IBM demonstrates nanosheet transistor prototype optimized for liquid nitrogen cooling, doubling performance over room temperature

On December 25, at the IEEE International Electron Devices Meeting (IEDM) held in San Francisco in early December this year, IBM researchers demonstrated the first advanced CMOS transistor optimized for liquid nitrogen cooling.

It is understood that the boiling point of liquid nitrogen is extremely low, only -196°C, which is an ultra-low temperature that mainstream electronic devices cannot withstand. However, in such a cold environment, the resistance and leakage current of transistors will be greatly reduced, thereby improving performance and reducing power consumption.

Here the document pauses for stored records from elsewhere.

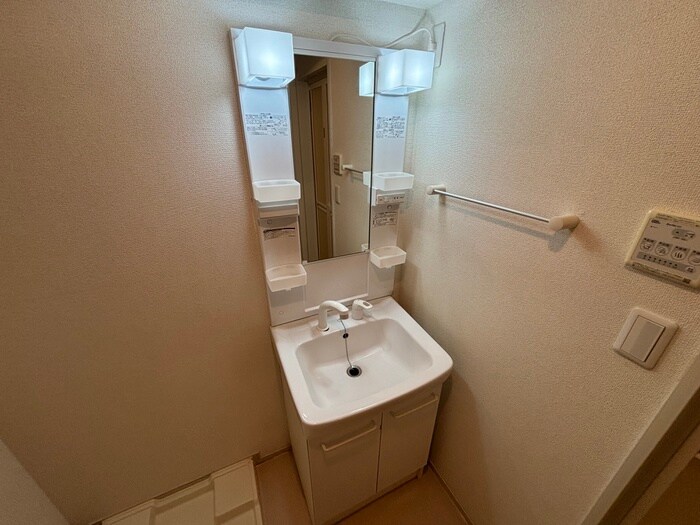 ハイバレー　ノルドの物件内観写真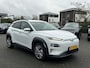 Hyundai Kona Electric EV Premium 64kWh 3-Fase | SOH 100% | Leer | Navi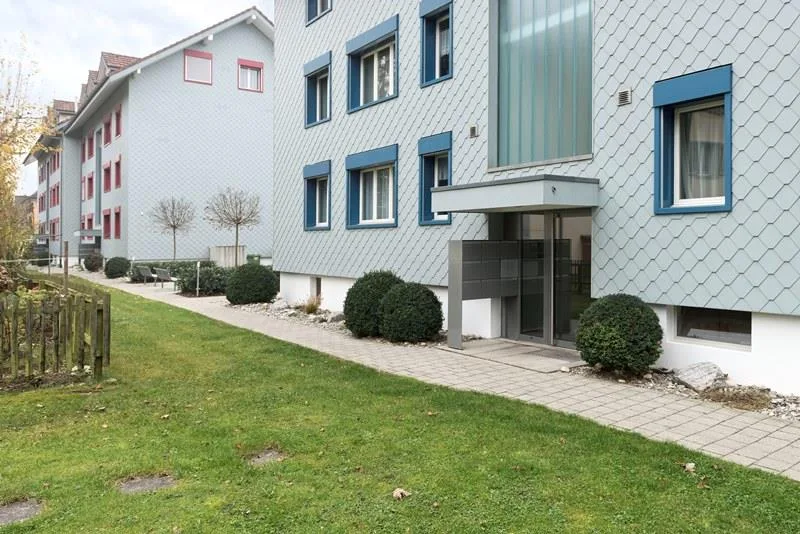 *Sommeraktion* - sowie Mieten ohne Depot!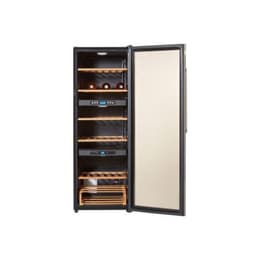 Hoover HWC2536DL Wine fridge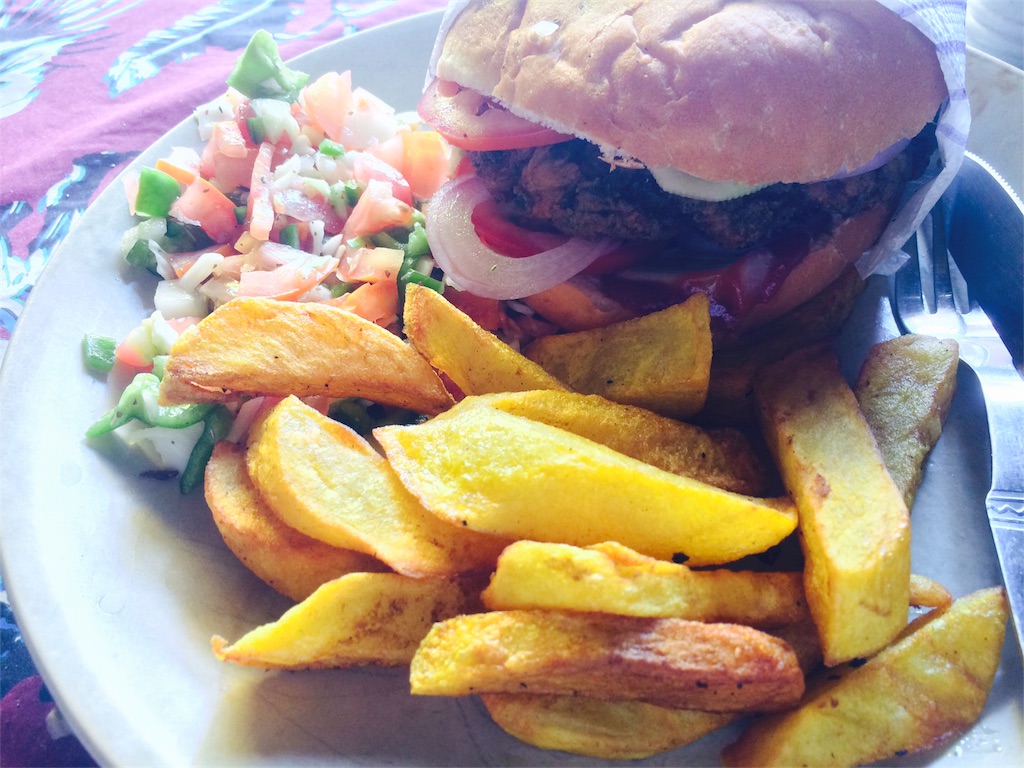 f:id:ryo-saya:20170822120434j:image f:id:ryo-saya:20170822120434j:image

The nanosheet transistor developed by IBM cuts the silicon channel into thin nanosheet layers and completely surrounds it with a gate to achieve more effective electric field control. This structure can not only cram 50 billion transistors into an area the size of a fingernail, but also double the performance under liquid nitrogen cooling.

The cryogenic environment brings two major advantages: lower charge carrier scattering and lower power consumption. Reduced scattering means lower resistance and smoother movement of electrons in the device; while reduced power consumption allows the device to drive higher currents at the same voltage. In addition, liquid nitrogen cooling also improves the on/off sensitivity of the transistor, requiring smaller voltage changes to switch states, further reducing power consumption.

However, low temperatures also bring new challenges: increased threshold voltage. The threshold voltage refers to the voltage required to turn on the transistor, which increases as the temperature drops, making it more difficult to switch the device. Traditional processes have difficulty reducing the threshold voltage, so IBM researchers have adopted a new dual metal gate and dual dipole technology. They add different metal impurities at the interface of n-type and p-type transistors to form dipoles, thereby reducing the energy required for electrons to cross the conduction band edge, making the transistor more efficient.